The first signs that something really big is about to happen in Wimbledon becomes noticeable about one month before the tennis tournament begins in the last week of June. Driving down Church Road past the All England Lawn Tennis Club, you can see construction work on a huge staircase and walkway which will eventually enable tennis fans to safely cross this extremely busy and hazardous road, during the tennis fortnight.
A short distance away in Wimbledon Village, shops, restaurants and pubs begin sprucing up their facades. Hanging baskets with beautiful floral displays are suddenly suspended from every lamppost and equally impressive flower boxes adorn every possible windowsill. Wimbledon is ready for visitors.
Wimbledon Station, situated in the main commercial part of Wimbledon, sees the first visitors arriving several days or even a week before the tournament. Everywhere you look, you can see tourists wheeling suitcases, waiting for buses and taxis, en route to their many pre-arranged short-let flats, houses, hotels and guesthouses in and around Wimbledon. You can’t help feeling the charged atmosphere; everyone is full of anticipation, just waiting for the tournament to start.
Whatever the weather, there is always something for visitors to see and do in and around Wimbledon. The variety of attractions together with the superb selection of shops, bars, multi-complex cinema and theatres await tourists who get spoilt for leisure choices.

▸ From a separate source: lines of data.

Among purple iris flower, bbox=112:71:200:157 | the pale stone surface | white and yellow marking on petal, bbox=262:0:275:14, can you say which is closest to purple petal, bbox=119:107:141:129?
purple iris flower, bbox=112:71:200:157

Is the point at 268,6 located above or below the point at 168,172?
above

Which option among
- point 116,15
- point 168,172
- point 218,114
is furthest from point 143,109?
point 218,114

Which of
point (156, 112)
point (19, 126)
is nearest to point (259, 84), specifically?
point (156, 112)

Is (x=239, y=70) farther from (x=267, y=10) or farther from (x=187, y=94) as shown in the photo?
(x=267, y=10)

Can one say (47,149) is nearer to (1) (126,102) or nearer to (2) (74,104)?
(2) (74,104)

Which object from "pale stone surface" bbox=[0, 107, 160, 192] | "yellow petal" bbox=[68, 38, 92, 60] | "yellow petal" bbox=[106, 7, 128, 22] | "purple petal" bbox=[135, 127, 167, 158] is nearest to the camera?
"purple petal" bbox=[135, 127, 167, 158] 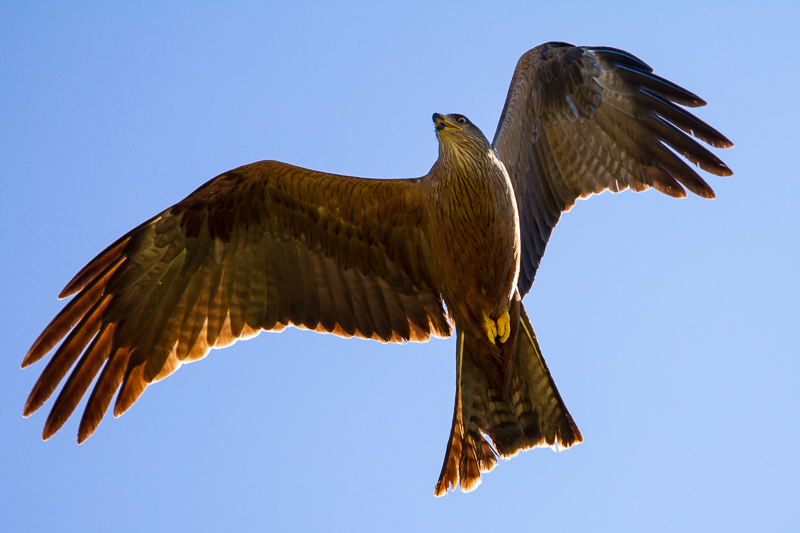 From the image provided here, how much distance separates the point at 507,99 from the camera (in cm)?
726

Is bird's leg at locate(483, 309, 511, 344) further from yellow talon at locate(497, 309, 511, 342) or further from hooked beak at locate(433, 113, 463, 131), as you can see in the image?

Apart from the Wimbledon Lawn Tennis Museum, there is the Wimbledon Society Museum of Local History and the Windmill Museum, depicting the history of windmills.
Home to the Windmill, Wimbledon Common, forms a vast expanse of woodland and open grass area that is very popular with walkers and leisure seekers. On the common’s edge you can visit the beautifully landscaped, hilly Cannizaro Park, enjoy its beautiful pond with wild ducks and stroll along many paths among rhododendrons.
Want to go to another park? Visit Wimbledon Park, the 18th century Capability Brown creation, with a manmade lake and join nature lovers strolling in the park. The National Trust offers you Morden Park. It is again in the London Borough of Merton, just south of Wimbledon. The River Wandle meanders on its way to the River Thames through the park’s beautiful woodland, meadows and wetlands.
Visit Merton Abbey Mills – an exciting craft market complex with a historic, fully working Victorian water mill, just south of Wimbledon. Close to the craft market there are restaurants and a pub where you can sit and relax on the bank of River Wandle.
Merton Abbey Mills is an important archaeological site of Merton Priory, now referred to as Merton Abbey. Merton Priory was founded in 1117 as an Augustinian priory and was taken by Crown forces in 1538 during the dissolution of the monasteries. Subsequently, the Priory buildings were destroyed and today only the foundations remain. The site is accessible only on special occasions.
Visitors seeking shopping can go to Wimbledon High Street, a delightful olde worlde area full of small independent shops, selling everything from food to high fashion. The High Street also contains many pubs, restaurants and bars. Wimbledon Town, by Wimbledon Railway Station, offers a large shopping centre plus many good shops in the surrounding streets. Wimbledon doesn’t disappoint those seeking entertainment either. The New Wimbledon Theatre stages many top quality shows and operas. There are also two theatres for children: the Polka Theatre in Wimbledon Broadway and the Colour House Theatre in Merton Abbey Mills.
Wimbledon, one of the most attractive and safe of London’s suburbs, has lots to offer. Spend some time exploring it: Culture, sport, relaxation, shopping, great scenery and excellent accommodation. Great memories will always be with you once you leave Wimbledon – and they don’t have to be anything to do with tennis.